File: groff.info,  Node: Font Families,  Next: Font Positions,  Prev: Changing Fonts,  Up: Fonts and Symbols

5.17.2 Font Families
--------------------

Due to the variety of fonts available, 'gtroff' has added the concept of
"font families" and "font styles".  The fonts are specified as the
concatenation of the font family and style.  Specifying a font without
the family part causes 'gtroff' to use that style of the current family.

   Currently, fonts for the devices '-Tps', '-Tpdf', '-Tdvi', '-Tlj4',
'-Tlbp', and the X11 fonts are set up to this mechanism.  By default,
'gtroff' uses the Times family with the four styles 'R', 'I', 'B', and
'BI'.

   This way, it is possible to use the basic four fonts and to select a
different font family on the command line (*note Groff Options::).

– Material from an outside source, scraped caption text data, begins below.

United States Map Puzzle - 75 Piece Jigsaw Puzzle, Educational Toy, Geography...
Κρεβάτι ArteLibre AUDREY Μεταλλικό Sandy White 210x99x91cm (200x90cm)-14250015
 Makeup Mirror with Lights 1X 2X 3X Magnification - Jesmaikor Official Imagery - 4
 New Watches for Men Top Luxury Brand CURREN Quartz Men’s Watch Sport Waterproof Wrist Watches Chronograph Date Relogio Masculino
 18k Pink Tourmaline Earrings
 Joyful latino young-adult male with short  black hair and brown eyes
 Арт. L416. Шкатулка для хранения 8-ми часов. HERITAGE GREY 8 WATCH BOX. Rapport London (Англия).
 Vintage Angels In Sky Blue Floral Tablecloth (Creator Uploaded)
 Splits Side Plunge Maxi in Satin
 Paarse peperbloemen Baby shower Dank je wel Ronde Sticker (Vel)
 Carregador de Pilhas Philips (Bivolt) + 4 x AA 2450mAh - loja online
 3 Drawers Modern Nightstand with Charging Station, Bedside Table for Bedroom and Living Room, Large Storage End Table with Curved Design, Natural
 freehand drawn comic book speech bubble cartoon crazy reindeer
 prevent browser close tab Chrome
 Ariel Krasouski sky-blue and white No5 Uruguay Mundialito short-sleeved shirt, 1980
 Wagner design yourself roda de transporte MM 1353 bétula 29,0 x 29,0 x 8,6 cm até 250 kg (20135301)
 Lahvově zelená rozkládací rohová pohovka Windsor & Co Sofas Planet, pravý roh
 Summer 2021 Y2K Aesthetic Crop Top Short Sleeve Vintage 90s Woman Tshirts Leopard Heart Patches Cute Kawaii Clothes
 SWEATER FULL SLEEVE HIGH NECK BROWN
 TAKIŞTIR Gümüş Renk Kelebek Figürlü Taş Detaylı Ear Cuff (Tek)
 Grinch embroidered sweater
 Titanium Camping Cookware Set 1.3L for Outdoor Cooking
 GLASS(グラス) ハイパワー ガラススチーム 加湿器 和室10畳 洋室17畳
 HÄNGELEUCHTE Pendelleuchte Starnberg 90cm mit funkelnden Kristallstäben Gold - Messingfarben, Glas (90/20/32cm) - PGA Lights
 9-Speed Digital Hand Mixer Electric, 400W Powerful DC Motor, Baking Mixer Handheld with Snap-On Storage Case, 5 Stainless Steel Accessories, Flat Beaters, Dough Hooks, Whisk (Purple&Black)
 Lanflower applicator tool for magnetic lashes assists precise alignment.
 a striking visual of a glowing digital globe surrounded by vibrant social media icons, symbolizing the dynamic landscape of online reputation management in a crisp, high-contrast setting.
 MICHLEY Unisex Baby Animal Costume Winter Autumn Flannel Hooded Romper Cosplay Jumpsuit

 -- Request: .fam [family]
 -- Register: \n[.fam]
 -- Escape: \Ff
 -- Escape: \F(fm
 -- Escape: \F[family]
 -- Register: \n[.fn]
     Switch font family to FAMILY (one-character name F, two-character
     name FM).  If no argument is given, switch back to the previous
     font family.  Use '\F[]' to do this with the escape.  Note that
     '\FP' doesn't work; it selects font family 'P' instead.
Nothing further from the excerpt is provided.